Multi-Agent Debate & LLM Reasoning Glossary
Plain-English definitions for the terms used across MAD Studio research — from M-MAD and CoT-SC to Degeneration of Thought and the Bullshit Index.
Multi-Agent Debate (MAD)
Also known as: MAD, LLM debate, multi-agent AI debate
- Multi-Agent Debate is an LLM reasoning technique in which two or more language model instances argue across structured rounds, critiquing each other's claims before a verdict.
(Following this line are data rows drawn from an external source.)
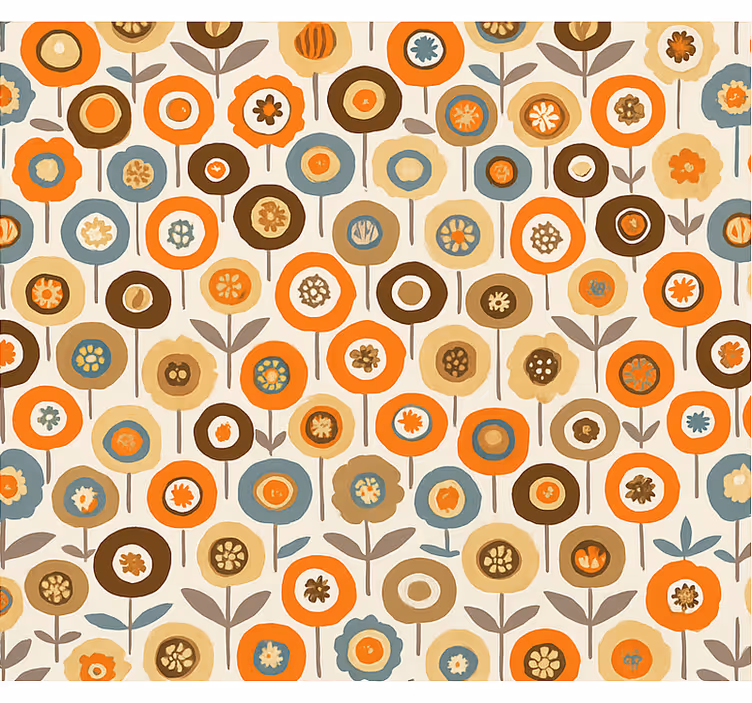 Tapete skandinavisch mit bunten vintage-blumen - TenStickers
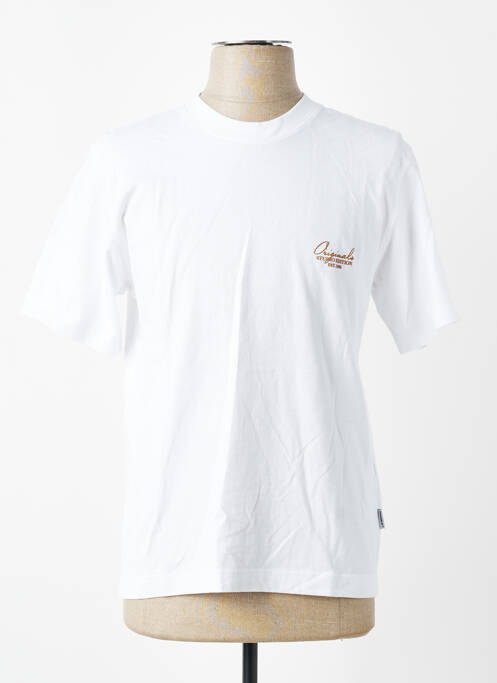 Tricou croială cambrată mâneci scurte alb JACK & JONES homme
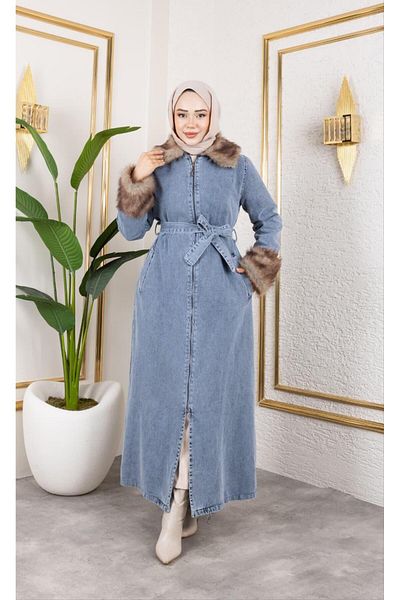 Hb Harma Time Butik Women's Fur Detailed Belted Lined Blue Cap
Compared to single-prompt baselines, multi-agent debate consistently improves factuality, calibration, and adversarial robustness across peer-reviewed benchmarks.
Self-Consistency (CoT-SC)
Also known as: CoT-SC, chain-of-thought self-consistency, majority voting LLM
- Self-Consistency is a reasoning strategy that samples multiple chain-of-thought paths from one model at non-zero temperature, then majority-votes the final answer. Introduced by Wang et al. (ICLR 2023), it is fast, embarrassingly parallel, and the strong default for math and multiple-choice tasks with a single correct label.
M-MAD
- M-MAD (Multidimensional Multi-Agent Debate) is a verdict-scoring protocol from Feng et al. (ACL 2025) that runs independent arbiter passes on separate dimensions — correctness, evidence use, responsiveness, calibration, and citation quality — instead of one holistic 'who won' judgment. MAD Studio uses M-MAD as the backbone of its Truth-Seeking Debate verdict.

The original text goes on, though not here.